▶ **MATERIALS PROVIDED**
↓↓↓
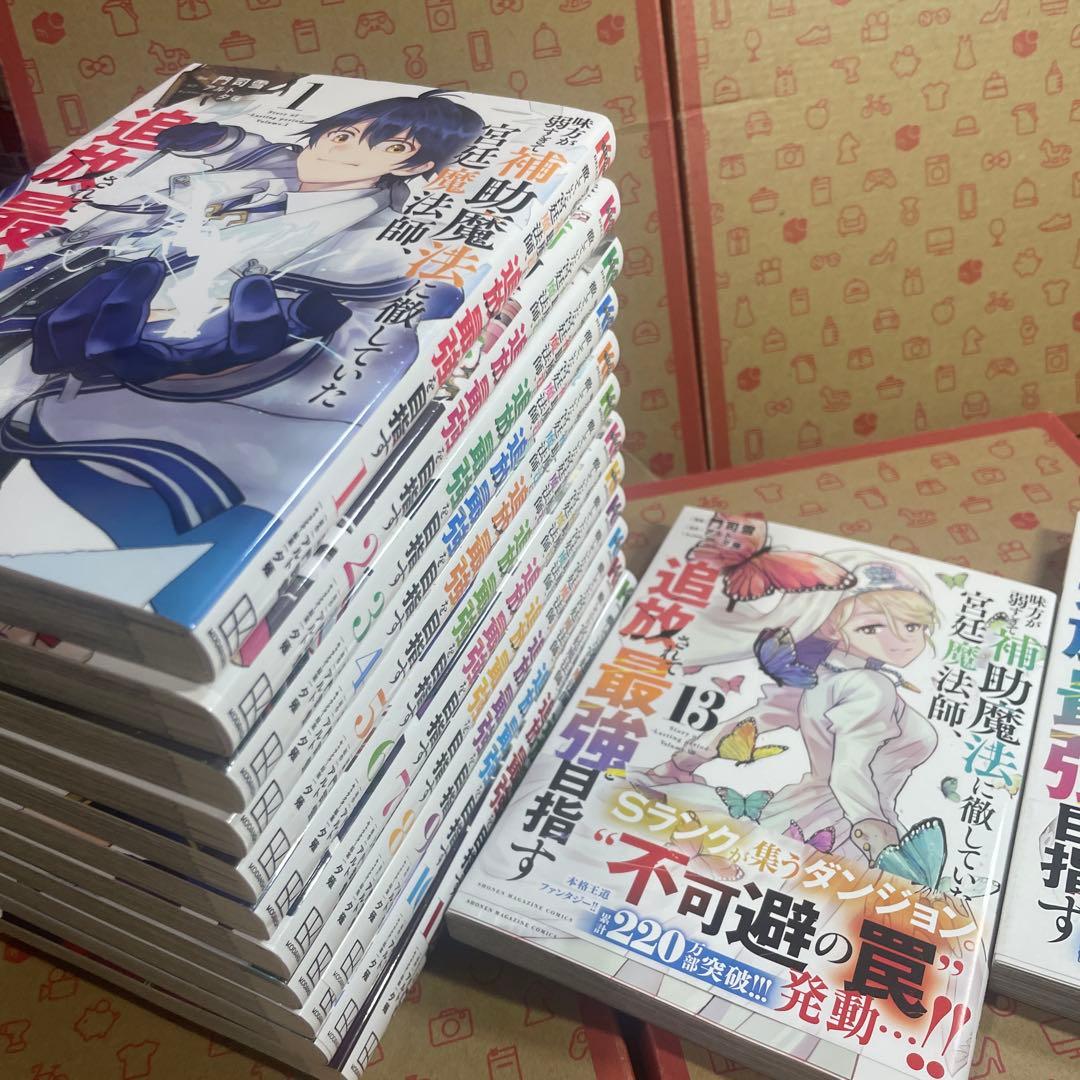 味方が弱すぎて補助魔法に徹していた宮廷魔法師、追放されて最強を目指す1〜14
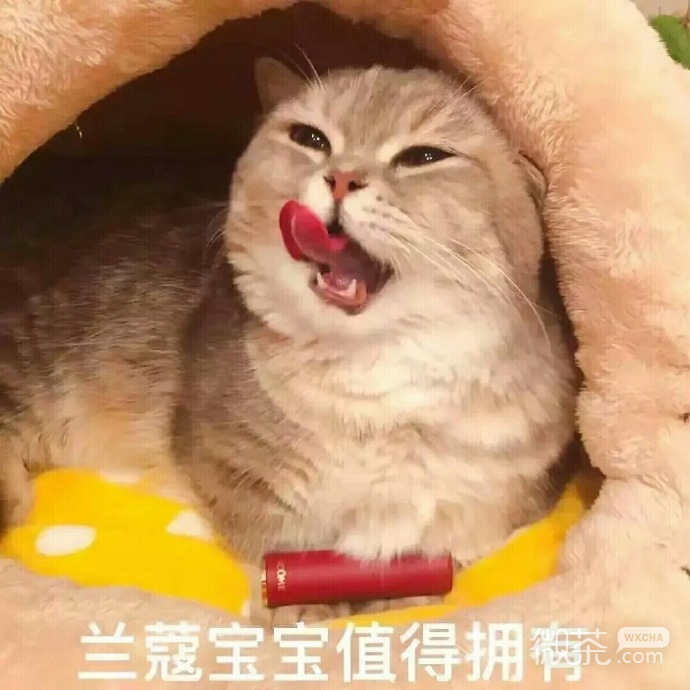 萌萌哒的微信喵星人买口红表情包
↑↑↑
↓↓↓
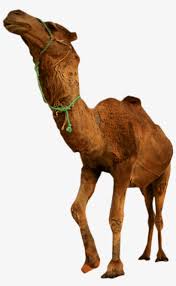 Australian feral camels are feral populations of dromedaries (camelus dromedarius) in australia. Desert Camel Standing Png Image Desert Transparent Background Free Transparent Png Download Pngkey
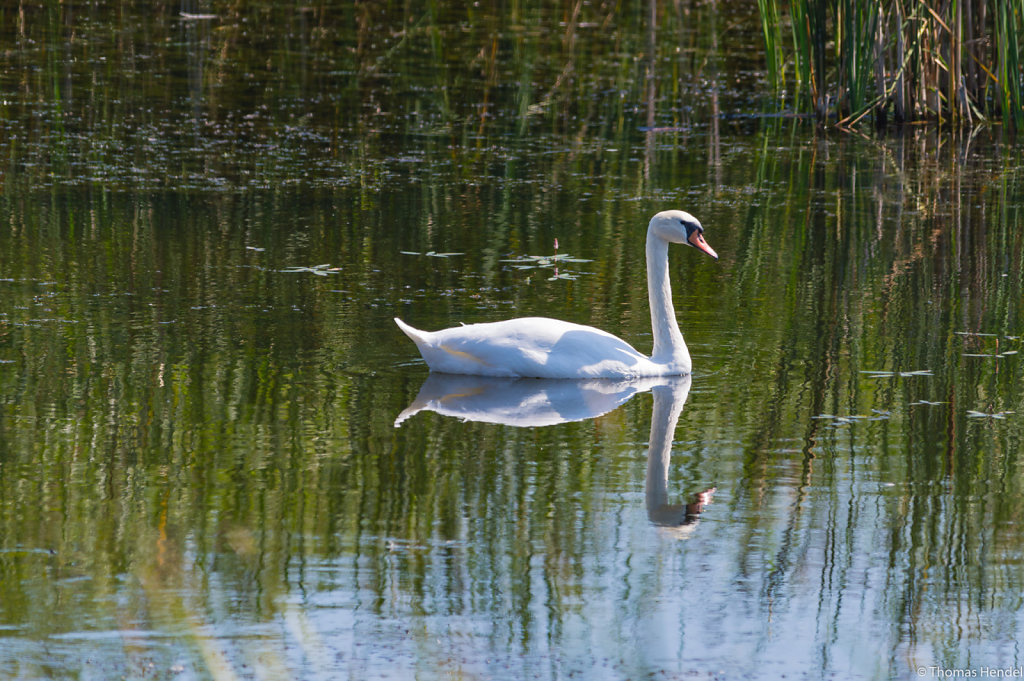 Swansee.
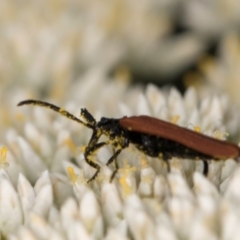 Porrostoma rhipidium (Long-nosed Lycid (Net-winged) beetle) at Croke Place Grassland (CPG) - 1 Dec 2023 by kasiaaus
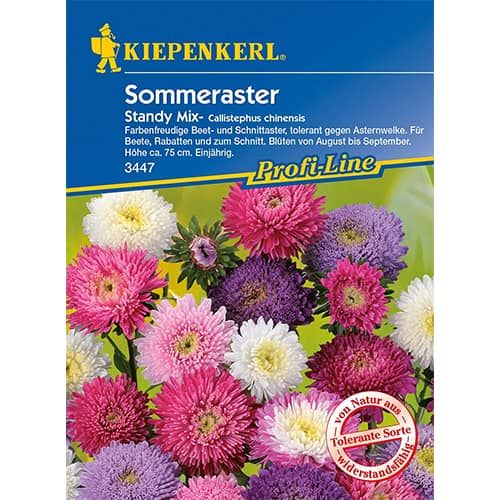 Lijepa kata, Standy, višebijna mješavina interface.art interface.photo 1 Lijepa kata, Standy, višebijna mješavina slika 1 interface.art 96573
↑↑↑
▶ **ASSIGNMENT**
Drop the pictures; return the lines above from the line containing "Porrostoma rhipidium (Long-nosed" to the line containing "Lijepa kata, Standy, višebijna mješavina interface.art", both included, exactly.

▶ **RESULT BELOW**
 Porrostoma rhipidium (Long-nosed Lycid (Net-winged) beetle) at Croke Place Grassland (CPG) - 1 Dec 2023 by kasiaaus
 Lijepa kata, Standy, višebijna mješavina interface.art interface.photo 1 Lijepa kata, Standy, višebijna mješavina slika 1 interface.art 96573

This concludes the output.